3 things I learned
It is one week since I broke up with technology and stopped watching any videos or play any video games. I tried to be mindful of the influences this change had on my day, and I already learned a lot about my relationship with technology and the digital world's role in my life. So here are the three most important things I have noticed so far:
- I don't miss consuming content
After I sat down to watch my last YouTube video, I knew that it was over, that YouTube was not an option anymore. With this knowledge, I started my first week without any YouTube and was surprised at how easy it was not to consume any content anymore. Filling my time by watching videos became a habit, and I had the strange feeling of missing out on something when I was not interacting with YouTube. That is why I kind of suspected to show some signs of withdrawal from this sudden stop - but they didn't come (yet?).
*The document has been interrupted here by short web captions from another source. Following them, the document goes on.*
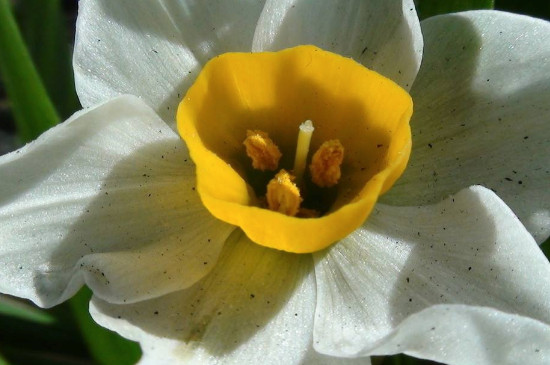 水仙花可以治灰指甲吗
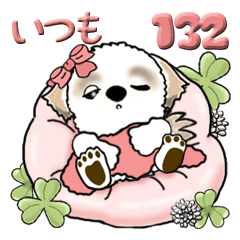 Shih Tzu dog 132 (keep using it)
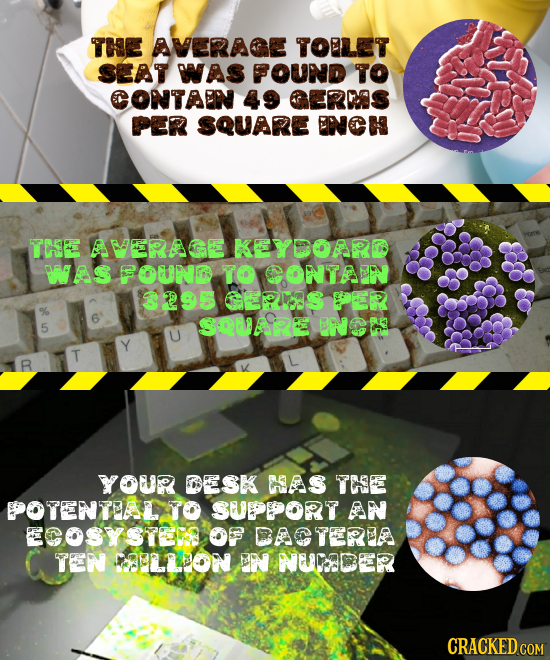 THE AVERAGE TOLET SEAT WAS FOUND TO CONTAB 49 OFRS PER SQUARE ENCH THSE AERAGGE KEYDOMR MAS FOUND TO CONTEIN 3295 GES E % 5 SRUARE ENGS T B YOUR DESK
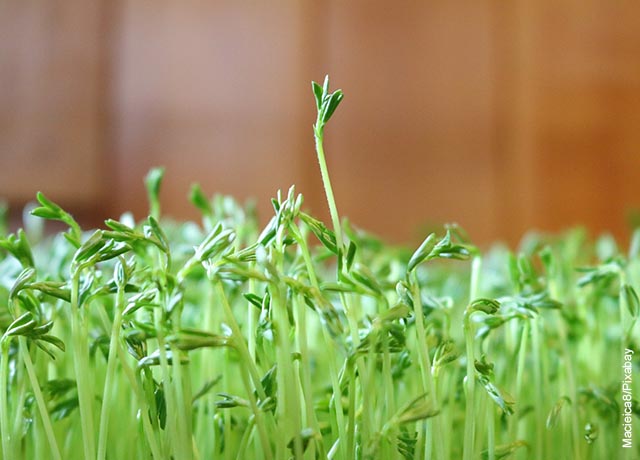 Foto de una planta de legumbres en un jardín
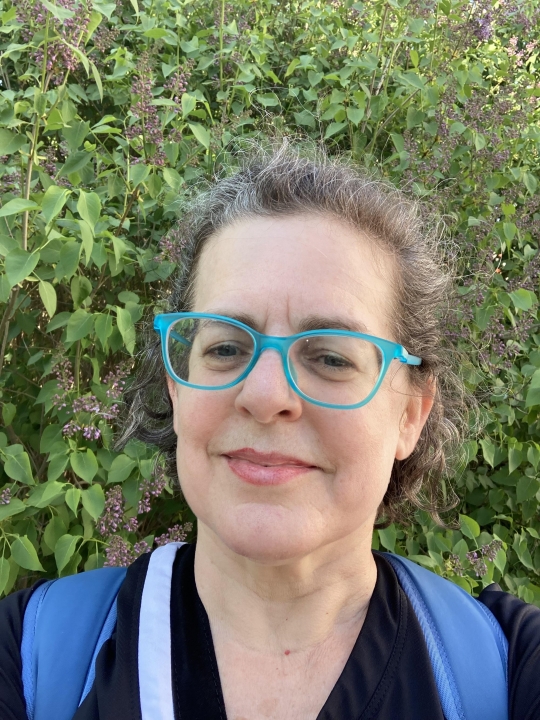 Iris Amdur - Class of 1984 - West Springfield High School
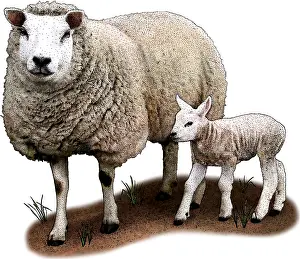 Domesticated Mammals Prints: Texel Sheep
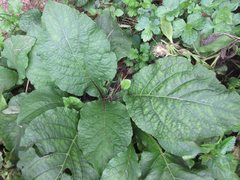 Carpesium macrocephalum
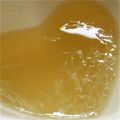 やったった's cooksnap of when they made すっぱ～(^｡^）はちみつレモンゼリー.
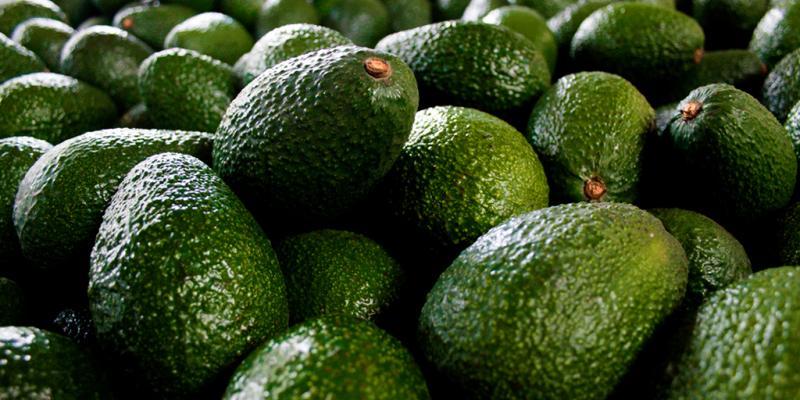 Chile produciría 220 mil toneladas de palta en la temporada 2021-2022, lo que representaría un incremento de 57%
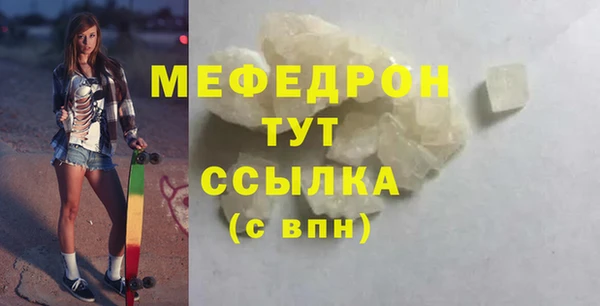амф Ельня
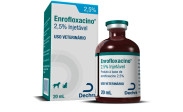 Enrofloxacino 2,5%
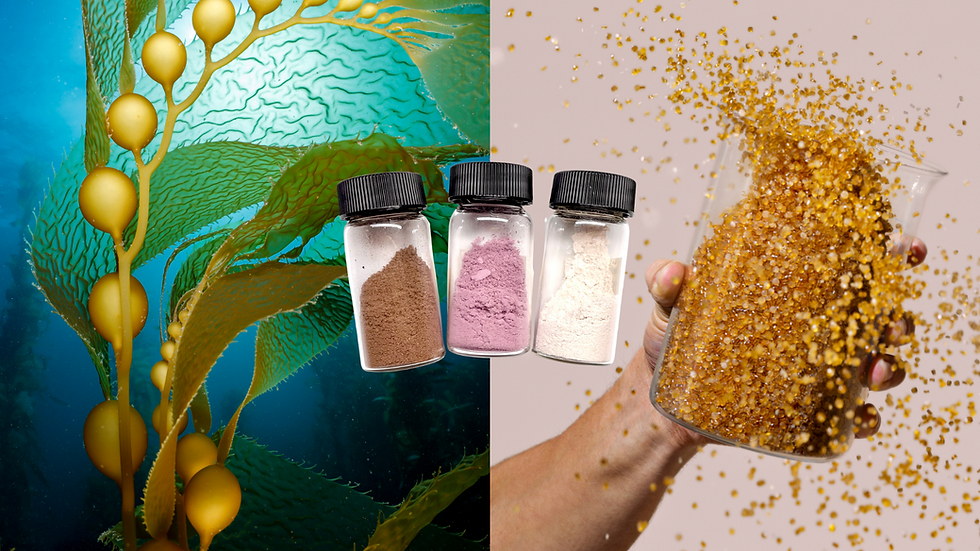 Sway and Umaro secure $1.5m Department of Energy grant to support seaweed innovation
I guess this be because of my conscious breakup. I didn't try to reduce my YouTube time but cut it out completely, and because watching videos was not an option, I didn't feel like missing out on anything.
- I do miss filling the empty time - and there is a lot of it
A day is long, and while I wasn't missing consuming content, I was missing an easy opportunity to fill empty time. I didn't realise how much time I spent (wasted) on YouTube, and suddenly there were moments in which I didn't know what to do. For the first time in years, I experienced boredom. I am used to numbing my mind with the passive consumption of content or video games, and the lack of this option left a prominent empty place - and I realised that this is something good. I suddenly have an abundance of time I can use to reach my goals.
- I have to make healthy alternatives available
Naturally, I tried to fill this empty time, and I quickly found some things to do: reading magazines and newspapers. While these activities are subjectively better than watching YouTube, they still don't bring me closer to my goals. When thinking about this, I realised a problem: I don't have enough "good" things to do when I have free time. So I decided to prime my environment to utilise free moments by always having my gym bag ready and a backlog of manageable tasks. If I don't have good things to do, I am tempted to exchange one time-consuming habit with the next.
I know that I am on the right path, and I know that this path will lead me to the life of my dreams. But I have to be careful - this is just the beginning of a long journey, and I have to stay mindful to stay on the path. I tried to quit watching Youtube and play games in the past, and while the first week or two were always successful, it just takes one weak day, and I am 100% back in the loop. Weeks without any consumption turned into weekends of binging videos. The key to success, in my eyes, is to stay mindful, to keep my goal in mind and pay attention to my actions.
Thank you for following my journey! I am excited to see and share where this breakup will lead me to.